Cellular membranes are critical interfaces for the biochemical interactions that regulate cell behavior and function. Composed of heterogeneous mixtures of lipids and proteins, these membranes create complex environments where protein-lipid interactions are functionally coupled, making mechanistic understanding and experimental control particularly challenging. Nonetheless, elucidating these interactions is essential for uncovering disease mechanisms, advancing drug discovery and delivery, and engineering functional biomaterials. Over the past decade, intrinsically disordered proteins (IDPs) have emerged as key regulators of cellular signaling, membrane trafficking, and membrane organization. Lacking stable tertiary structure, IDPs exist as dynamic conformational ensembles with distinct biophysical properties. While interest in IDP-membrane interactions is growing, these interactions remain less well characterized than those of structured proteins. Given that many IDPs localize to or act at membrane surfaces, uncovering how structural disorder governs protein-lipid interactions is critical for understanding membrane-associated processes. To address these challenges, our group applies engineering principles and fluorescence-based techniques to develop new tools and approaches for probing the protein-lipid interface, with a particular emphasis on membrane-binding IDPs.

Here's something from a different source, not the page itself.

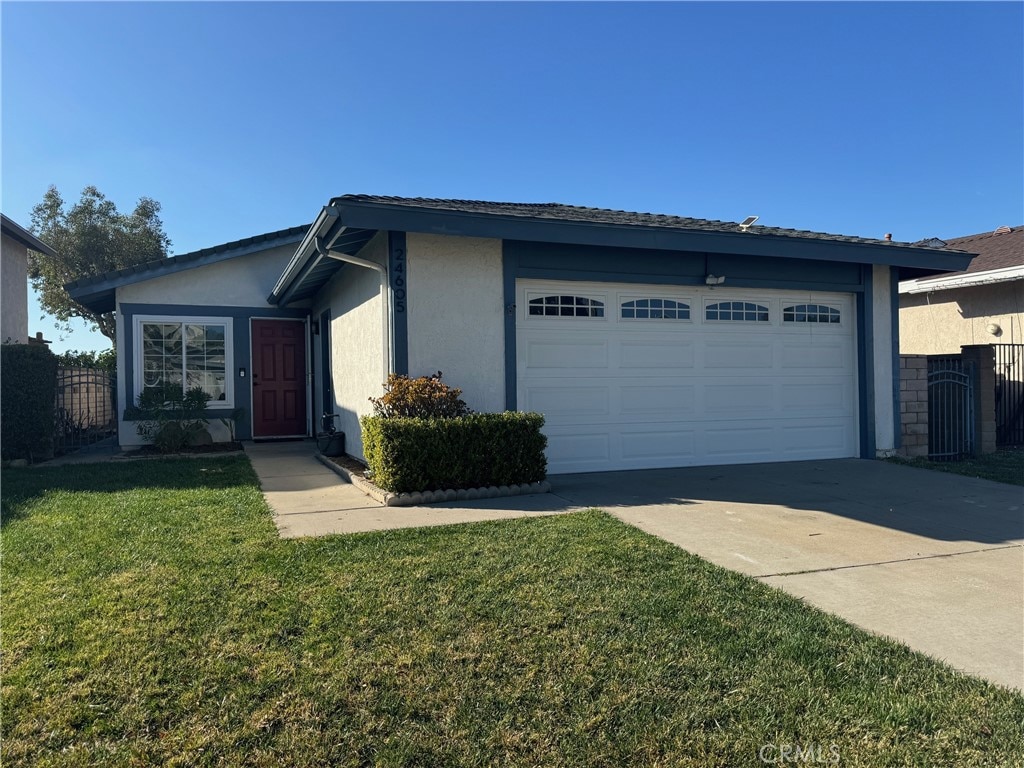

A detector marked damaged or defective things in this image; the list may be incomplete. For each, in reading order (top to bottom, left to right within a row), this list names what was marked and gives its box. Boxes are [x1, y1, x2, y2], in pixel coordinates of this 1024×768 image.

This presentation will focus on the interplay between membrane physicochemical properties and intrinsically disordered proteins (IDPs), with particular emphasis on how membrane composition and curvature regulate the binding and activity of α-Synuclein (αSyn) – an IDP implicated in Parkinson’s disease. αSyn is a small, 140-residue protein that undergoes a disorder-to-helix transition in its N-terminal 100 residues upon membrane binding, while its remaining 40 C-terminal residues remain extended and loosely associated with the membrane surface. We found that a subtle post-translational modification – N-terminal acetylation – dramatically alters αSyn’s membrane-binding behavior. This finding is particularly significant given that the acetylated form is the physiologically relevant version of the protein, yet much of the literature has focused on the unmodified form. Beyond membrane binding, we also dissect the distinct contributions of αSyn’s N- and C-terminal regions to its ability to drive membrane remodeling. Surprisingly, our results suggest that the extended C-terminal region may play a previously underappreciated role in suppressing membrane deformation and fission. Together, these findings reveal how structural disorder and membrane physicochemical properties together govern the physical behavior of protein-lipid systems. By dissecting the region-specific contributions of αSyn and the impact of post-translational modifications, we provide a mechanistic framework for understanding how disorder tunes membrane binding and remodeling. This work contributes to a broader effort to uncover the physical principles underlying protein function at compositionally complex membrane interfaces.
Wade Zeno joined the Mork Family Department of Chemical Engineering and Materials Science at the University of Southern California in Fall 2020 as an assistant professor. He earned his PhD in Chemical Engineering from the University of California, Davis in 2016 and worked as a postdoctoral fellow in the Biomedical Engineering Department at the University of Texas at Austin until 2020. His research expertise is in biological membrane engineering. Specifically, he examines the molecules that comprise cellular membranes (i.e. proteins and lipids) to understand (i) how they function at a fundamental level and (ii) how they can be exploited to make functional biomaterials. The broader impact of this work spans multiple areas, from uncovering the molecular basis of disease to developing new strategies for therapeutic intervention.